Let what you heard from the beginning abide in you. If what you heard from the beginning abides in you, then you will abide in the Son and in the Father. And this is what he has promised us, eternal life. (1 John 2:24-25 RSV)

There is the process. These are the logical steps that lead to the enjoyment of all God's intention for you. Notice them. There are three of them: Step No. 1 is an admonition to you. "Let what you heard from the beginning abide in you." What is this that you heard from the beginning? That takes us right back to the very first verse of the letter. John begins, "That which was from the beginning, which we have heard, which we have seen with our eyes, which we have looked upon and touched with our hands, concerning the word of life -- " (1 John 1:1 RSV). That is the message of Jesus Christ, all that concerns him. It includes, primarily, what he said, what he came to unfold and manifest about God and about man. All the words and deeds of Jesus Christ; that is what men have heard from the beginning, the message concerning him.

It means, of course, all that he said. There is a tendency on the part of many today to take certain of the words of Jesus and to ignore others. I do not understand this. I must confess I fail completely to understand this asserted loyalty to Christ that is accompanied by an indifference to his words. For instance, I find those who say they believe Jesus when he says that he is the light of the world, and he is the door, and he is the one who came to bring truth to men, but yet they say he is mistaken about the time of his return, or that he did not understand nature, he was only a creature of his times with regard to scientific knowledge, and that he did not understand many of the things that we understand today.

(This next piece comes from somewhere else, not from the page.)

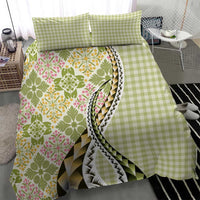 Aloha Vintage Palaka Floral Hawaiian Quilt Bedding Set Omaomao Motif - Polynesian Pride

They say that surely we cannot expect him to know the psychology that has been discovered by eminent thinkers in this area today, and therefore that men today know more about man that he knew.

Now, I do not understand that, for if we take the words of Jesus about himself, we find ourselves confronted with the claim that all power is given unto him and that he is the ultimate answer to the searches of man in any direction. All human knowledge converges at last in Jesus Christ. If we are going to believe him, then let us believe him -- everything he says, whatever he says. Whenever we set ourselves up as a judge of what he says, as being right or wrong, we are really saying we know more about the subject that Jesus Christ. Now, John is simply reminding us here that if we are going to accept the words of Jesus Christ, we must accept everything that he said.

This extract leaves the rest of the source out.